From serving as temporary hospitals during the Black Plague to being gathering centers for social justice meetings during the Civil Rights Era, churches have often been galvanizing hubs to help people receive information and care. The Church very often serves as the center of Black social life in America where many get not only their direction for faith, but also their teaching on initiatives in politics, education and healthcare, with politicians, activists and medical professionals often turning to the Church to utilize their platforms to distribute information directly to congregants.
As the pandemic persists, it might once again fall on the Church to help spread truth and assuage fears in the Black community if there is hope for their getting vaccinated at higher rates. Churches can act as vaccination sites in typically low-income or Black neighborhoods. They can host information forums where medical professionals answer questions for congregants; and church leaders themselves can model the vaccine’s safety by receiving it.

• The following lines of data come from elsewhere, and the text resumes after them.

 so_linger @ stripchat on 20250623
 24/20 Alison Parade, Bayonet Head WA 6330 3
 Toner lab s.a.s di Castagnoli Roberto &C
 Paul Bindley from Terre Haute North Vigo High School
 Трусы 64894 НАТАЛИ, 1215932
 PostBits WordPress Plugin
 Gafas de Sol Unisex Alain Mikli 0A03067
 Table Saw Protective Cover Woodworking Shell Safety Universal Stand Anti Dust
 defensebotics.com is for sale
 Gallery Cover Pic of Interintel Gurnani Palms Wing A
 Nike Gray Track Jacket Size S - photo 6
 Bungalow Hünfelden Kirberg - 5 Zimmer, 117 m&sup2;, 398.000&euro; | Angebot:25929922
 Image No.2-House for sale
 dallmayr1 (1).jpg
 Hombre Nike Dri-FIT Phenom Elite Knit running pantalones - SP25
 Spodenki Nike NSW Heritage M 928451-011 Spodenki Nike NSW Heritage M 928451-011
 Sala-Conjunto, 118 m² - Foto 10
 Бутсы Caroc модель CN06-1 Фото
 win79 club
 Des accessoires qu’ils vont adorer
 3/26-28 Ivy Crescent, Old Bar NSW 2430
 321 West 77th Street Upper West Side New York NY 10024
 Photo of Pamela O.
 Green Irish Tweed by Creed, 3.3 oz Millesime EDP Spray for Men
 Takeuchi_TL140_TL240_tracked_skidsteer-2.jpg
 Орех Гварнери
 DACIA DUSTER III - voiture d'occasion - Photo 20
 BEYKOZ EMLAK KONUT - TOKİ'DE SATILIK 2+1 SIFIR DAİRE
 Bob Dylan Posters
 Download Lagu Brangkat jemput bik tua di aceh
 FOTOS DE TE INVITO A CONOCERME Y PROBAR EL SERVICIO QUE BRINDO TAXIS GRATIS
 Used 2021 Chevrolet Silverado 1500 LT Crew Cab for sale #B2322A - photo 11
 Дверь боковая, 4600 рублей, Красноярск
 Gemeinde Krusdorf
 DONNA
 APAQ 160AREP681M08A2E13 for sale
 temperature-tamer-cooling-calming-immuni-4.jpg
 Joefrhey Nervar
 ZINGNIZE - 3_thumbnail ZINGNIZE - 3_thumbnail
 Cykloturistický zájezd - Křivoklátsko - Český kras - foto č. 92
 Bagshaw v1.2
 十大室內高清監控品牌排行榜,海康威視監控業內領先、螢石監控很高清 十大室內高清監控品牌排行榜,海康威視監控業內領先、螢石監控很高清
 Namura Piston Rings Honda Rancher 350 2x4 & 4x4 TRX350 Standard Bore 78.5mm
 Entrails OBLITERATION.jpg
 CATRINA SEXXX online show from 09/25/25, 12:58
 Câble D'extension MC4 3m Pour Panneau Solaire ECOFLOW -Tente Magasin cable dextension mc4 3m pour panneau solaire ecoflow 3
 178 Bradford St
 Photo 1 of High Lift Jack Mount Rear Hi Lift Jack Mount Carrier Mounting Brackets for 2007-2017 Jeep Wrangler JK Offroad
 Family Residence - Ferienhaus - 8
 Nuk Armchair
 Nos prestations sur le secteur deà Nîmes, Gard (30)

To follow the call of the Bible to “learn to do good; seek justice, correct oppression; bring justice to the fatherless, plead the widow’s cause” (Isaiah 1:17), the Church must be an active voice in ensuring that members of marginalized groups are receiving the care and information needed to be protected in a crisis. While many members of the Black community mistrust medical institutions, they retain trust in the Church, so the Church must honor that trust and help guide people out of this unprecedented trial.